行きました。案の定、しらじらとした空気が寄せてきました。

無理もありません。そこにいる兄弟や親族は、私の頼みに応じて金を用立て、迷惑を被った人ばかりなのですから。

――針のむしろですね。

〈奥野〉
視線に耐えて隅のほうで小さくなっていたのですが、とうとう母のいる仏間に逃げ出してしまいました。

――そのとき、お母さんはおいくつでした?

〈奥野〉
84歳です。

母が「いまどうしているのか」と聞くので、「これから絶対失敗しないように、なんで失敗したのか徹底的に考えているところなんだ」と答えました。すると、母が言うのです。

「そんなこと、考えんでもわかる」

私は聞き返しました。

「何がわかるんだ」
「聞きたいか」
「聞きたい」
「なら、正座せっしゃい」

威厳に満ちた迫力のある声でした。

――84歳のお母さんが。

〈奥野〉
「倒産したのは会社に愛情がなかったからだ」
と母は言います。

心外でした。自分のつくった会社です。だれよりも愛情を持っていたつもりです。母は言いました。

「あんたはみんなにお金を用立ててもらって、やすやすと会社をつくった。やすやすとできたものに愛情など持てるわけがない。母親が子どもを産むには、死ぬほどの苦しみがある。だから、子どもが可愛いのだ。あんたは逆子で、私を一番苦しめた。だから、あんたが一番可愛い」

母の目に涙が溢れていました。

「あんたは逆子で、私を一番苦しめた。だから、あんたが一番可愛い」

母の言葉が胸に響きました。

母は私の失態を自分のことのように引き受けて、私に身を寄せて悩み苦しんでくれる。
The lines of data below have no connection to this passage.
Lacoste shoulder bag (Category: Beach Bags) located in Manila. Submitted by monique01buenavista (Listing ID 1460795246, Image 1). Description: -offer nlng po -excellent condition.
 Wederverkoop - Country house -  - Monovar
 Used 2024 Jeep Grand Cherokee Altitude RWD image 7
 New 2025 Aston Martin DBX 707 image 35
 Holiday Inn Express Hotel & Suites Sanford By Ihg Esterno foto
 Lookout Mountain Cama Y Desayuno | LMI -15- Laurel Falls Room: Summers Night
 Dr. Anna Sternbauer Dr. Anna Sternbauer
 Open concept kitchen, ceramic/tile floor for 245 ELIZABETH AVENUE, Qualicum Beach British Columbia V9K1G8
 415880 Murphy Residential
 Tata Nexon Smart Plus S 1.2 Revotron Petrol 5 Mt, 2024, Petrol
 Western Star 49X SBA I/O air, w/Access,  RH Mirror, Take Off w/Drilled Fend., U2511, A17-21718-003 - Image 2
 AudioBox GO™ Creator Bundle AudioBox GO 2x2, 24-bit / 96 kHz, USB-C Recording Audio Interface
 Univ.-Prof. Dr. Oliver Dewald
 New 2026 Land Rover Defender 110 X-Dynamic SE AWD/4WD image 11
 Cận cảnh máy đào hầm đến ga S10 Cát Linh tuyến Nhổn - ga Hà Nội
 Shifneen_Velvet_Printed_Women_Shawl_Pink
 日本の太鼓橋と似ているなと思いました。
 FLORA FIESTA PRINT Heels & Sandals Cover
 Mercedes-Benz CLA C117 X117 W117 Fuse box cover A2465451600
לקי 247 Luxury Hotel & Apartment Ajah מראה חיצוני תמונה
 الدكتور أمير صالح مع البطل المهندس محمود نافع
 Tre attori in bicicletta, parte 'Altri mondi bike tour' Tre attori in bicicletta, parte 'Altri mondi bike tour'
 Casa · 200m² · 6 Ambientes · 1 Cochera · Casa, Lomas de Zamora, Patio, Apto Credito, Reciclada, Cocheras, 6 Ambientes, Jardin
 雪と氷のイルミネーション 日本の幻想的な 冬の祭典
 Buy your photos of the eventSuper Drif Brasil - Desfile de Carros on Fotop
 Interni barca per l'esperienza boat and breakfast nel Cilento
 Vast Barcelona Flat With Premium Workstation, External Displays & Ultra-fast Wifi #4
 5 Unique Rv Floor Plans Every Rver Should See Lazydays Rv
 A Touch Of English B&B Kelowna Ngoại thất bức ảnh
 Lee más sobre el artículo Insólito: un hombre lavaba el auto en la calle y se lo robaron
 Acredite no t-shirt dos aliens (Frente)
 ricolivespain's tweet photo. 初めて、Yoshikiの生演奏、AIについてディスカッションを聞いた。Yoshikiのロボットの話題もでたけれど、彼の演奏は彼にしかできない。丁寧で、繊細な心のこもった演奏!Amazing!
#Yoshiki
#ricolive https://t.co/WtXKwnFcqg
愛情とはどういうものかが、痛いようにしみてきました。

このような愛情を私は会社に抱いていただろうか。いやなこと、苦しいことはすべて人のせいにしていた自分の姿が浮き彫りになってくるようでした。

「わかった。お袋、俺が悪かった」

私は両手をつきました。

ついた両手の間に涙がぽとぽととこぼれ落ちました。

涙を流すなんて、何年ぶりだったでしょうか。

あの涙は自分というものに気づかせてくれるきっかけでした。